Provided records ▸

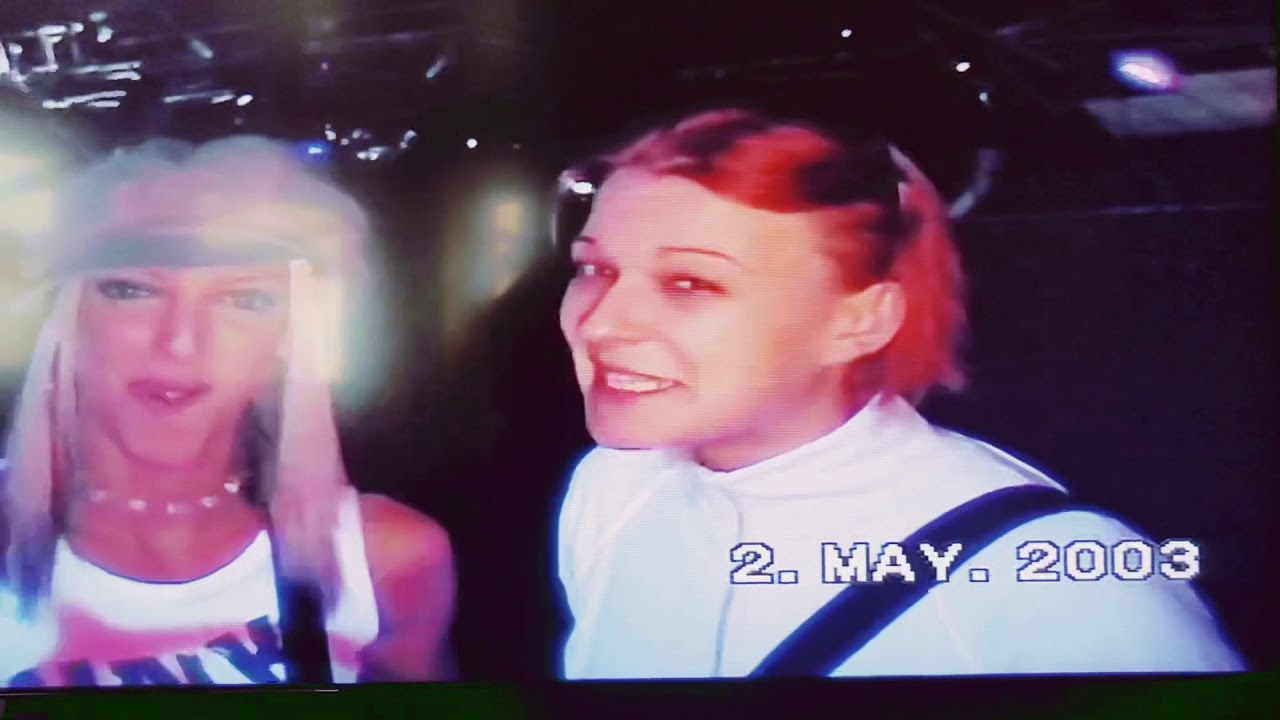 DEE DEE USA Tour (2002/2003)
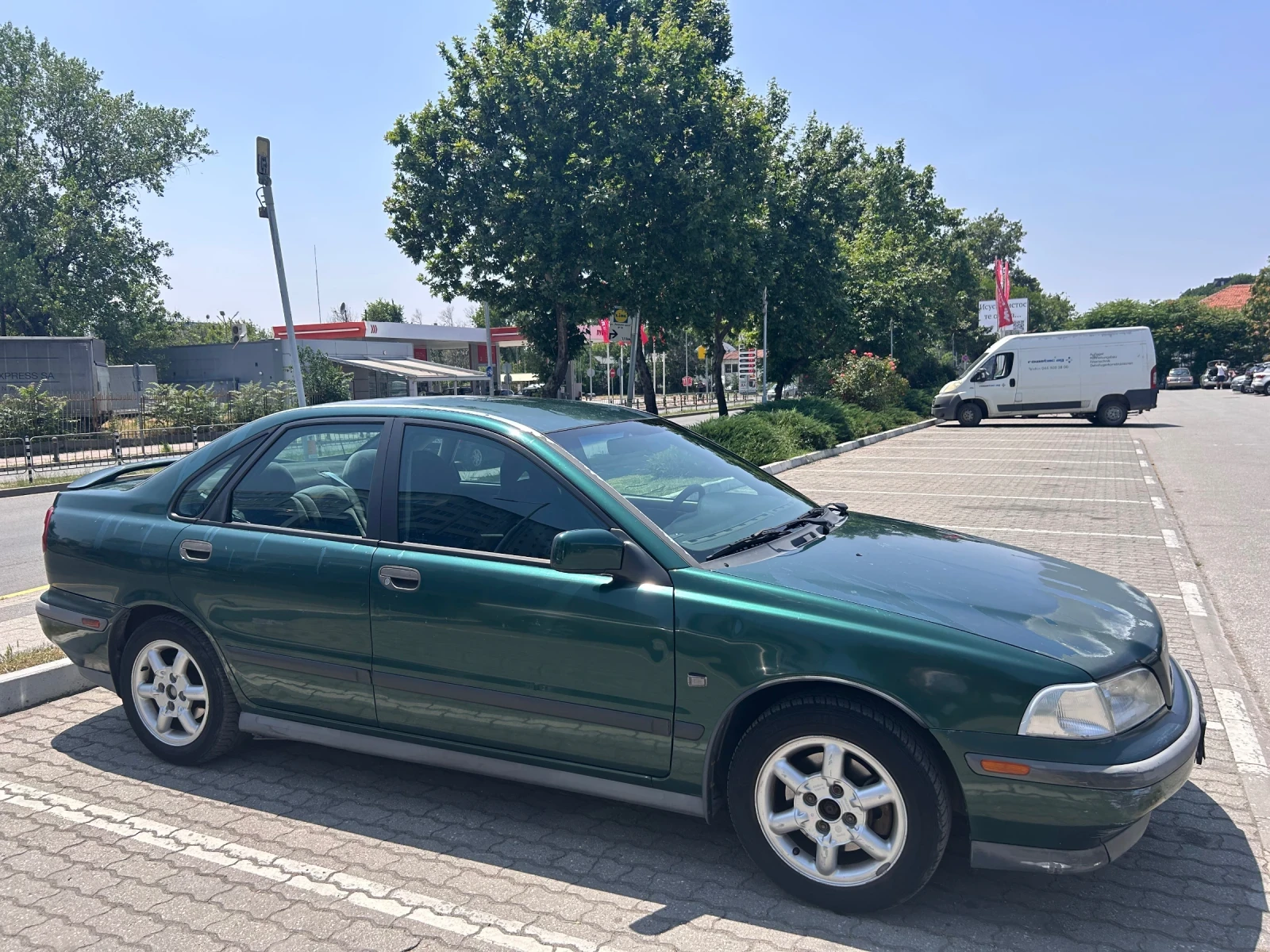 Volvo S40  - изображение 3
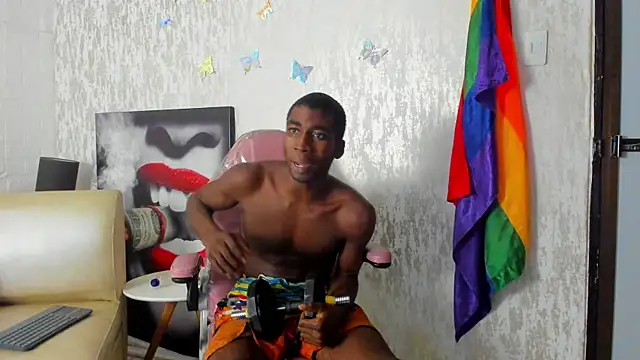 elio_x Live XXX-chat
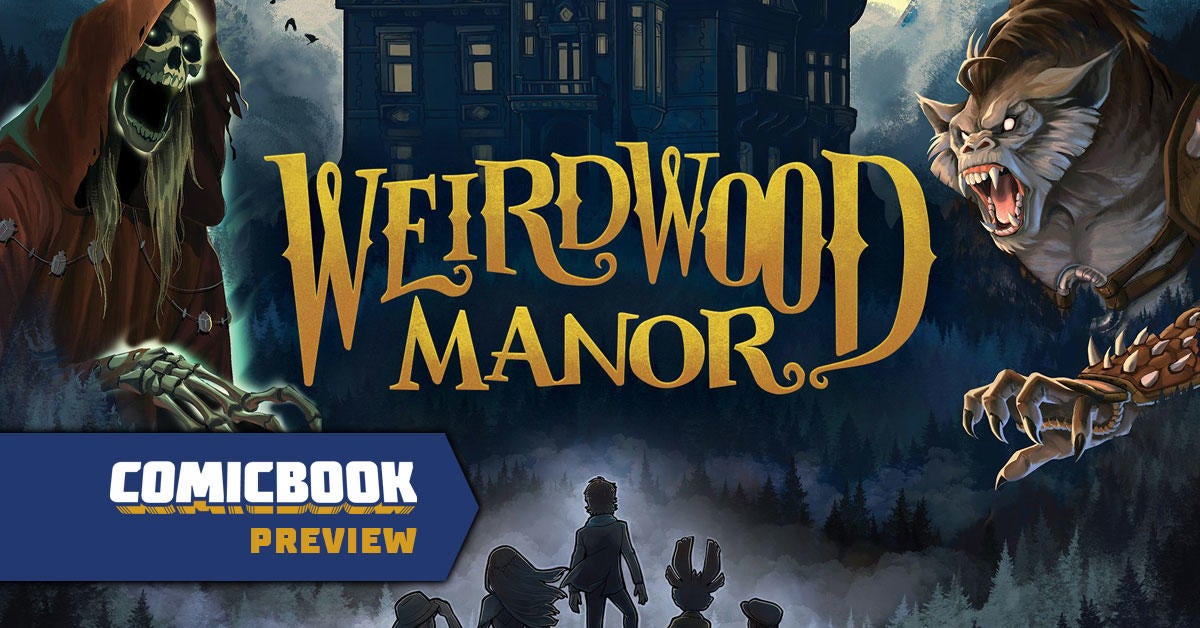 Vista previa de Weirdwood Manor: una jugabilidad emocionante y un tema inmersivo se combinan para crear una experiencia verdaderamente única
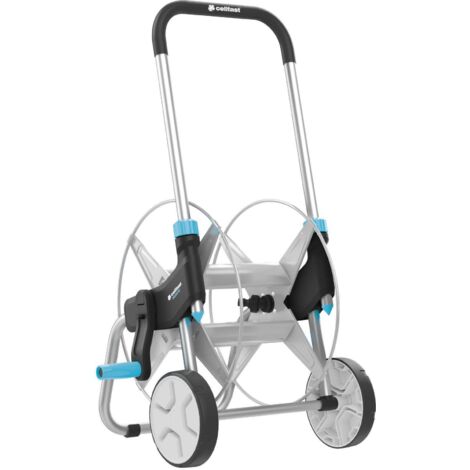 Perel Cellfast Explorer 60 m dévidoir métallique jardin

What to work on ▸
Emit an exact copy of the lines from the line bearing "elio_x Live XXX-chat" through the last line above, inclusive, and leave the images out.

Output of the exercise ▸
 elio_x Live XXX-chat
 Vista previa de Weirdwood Manor: una jugabilidad emocionante y un tema inmersivo se combinan para crear una experiencia verdaderamente única
 Perel Cellfast Explorer 60 m dévidoir métallique jardin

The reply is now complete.